Back at the very beginning of August, we came home from a week's vacation to discover that the hot water heater had overflowed in the attic - the attic?! who puts a water heater in the attic?! - and that our house was in need of renovation to be livable again.
For over a month now, we've been living in a hotel room with a three...now four...month old baby and a persnickety cat. (By the way, does anyone want a free cat? Because I know of one you can have.)
Our house has been pulled apart and put back together, and we are only a few days, (please, God,) from being back home.
But here's the thing: home isn't home anymore. It's just a house. A dusty, filthy, reeking-of-fresh-paint house. The walls are bare, the little decorative touches I have carefully added throughout the years are packed into boxes and shoved into a storage unit in the yard. The kitchen, so near and dear to my heart, is covered in Sheetrock dust and has been used carelessly by workmen for weeks and weeks. I didn't have a chance to empty the fridge of produce before we hastily packed up and got out, and so the clean, organized refrigerator, the product of my last week of pregnant nesting, is no longer clean or organized. Construction workers' white bread sandwiches reside on its shelves. Yuck.
I have grown so accustomed to being away from our house, and have felt so repeatedly betrayed by it, (as crazy as that may sound,) with every new delay and each discovery of additional problems, that I told Tyler the other night, "I've emotionally disconnected myself from the house."
And I have.
My home? It's not there. That's an empty shell, not the warm, cozy home we have made our own.
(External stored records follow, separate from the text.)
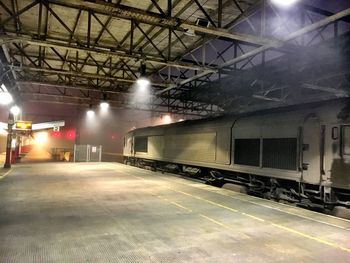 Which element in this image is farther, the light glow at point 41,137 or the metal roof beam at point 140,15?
the light glow at point 41,137

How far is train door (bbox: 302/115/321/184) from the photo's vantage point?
8586mm

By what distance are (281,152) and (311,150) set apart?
1.28 m

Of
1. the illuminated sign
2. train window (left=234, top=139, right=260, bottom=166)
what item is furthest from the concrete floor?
the illuminated sign

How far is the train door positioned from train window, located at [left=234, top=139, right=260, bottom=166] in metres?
2.28

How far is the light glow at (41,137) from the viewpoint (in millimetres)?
45469

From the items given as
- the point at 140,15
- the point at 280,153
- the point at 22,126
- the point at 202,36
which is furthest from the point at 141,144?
the point at 140,15

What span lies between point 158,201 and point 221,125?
537cm

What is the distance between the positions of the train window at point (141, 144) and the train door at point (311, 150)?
1547 cm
Now we are heading into the final stretch of work, and we will be moving back in this week. When I think of all the pictures to be rehung, and furniture to be carried back in, and clothes to unpack, dread pools in the pit of my stomach. Jeffrey's room had been so lovingly prepared before his arrival, and now it's empty...mine and Tyler's room, painted a calm, cool, pale grey and such a favorite place of mine to curl up and rest - empty. (Unless you count the dirt and dust. There's lots of that.)
We will have lots of help getting our house put back together, but, selfishly, all I could think was "but it was so perfect before!"
I knew something had to be done, so last night, I went and sat in the empty, echoing living room and had a little heart to heart with the house while Jeffrey slept in his car seat beside me. I promised to love her again, despite the mold and water damage that forced us to live in a hotel for one and a half months, and despite the fact that for the next several weeks there will be boxes everywhere and I won't really feel peaceful and comfortable. I promised to bake cinnamon coffee cakes in the kitchen, and to swing with Jeffrey on the back porch. I promised to replace my dead basil plants at the front door with living, thriving plants, and I promised to make an even prettier home than before.
And when I picked Jeffrey up and walked back to my car, away from my empty house, some of the dread about the coming days of chaos had lifted from the pit of my stomach. Because the truth is, I'm ready to go back and make our house a home...again.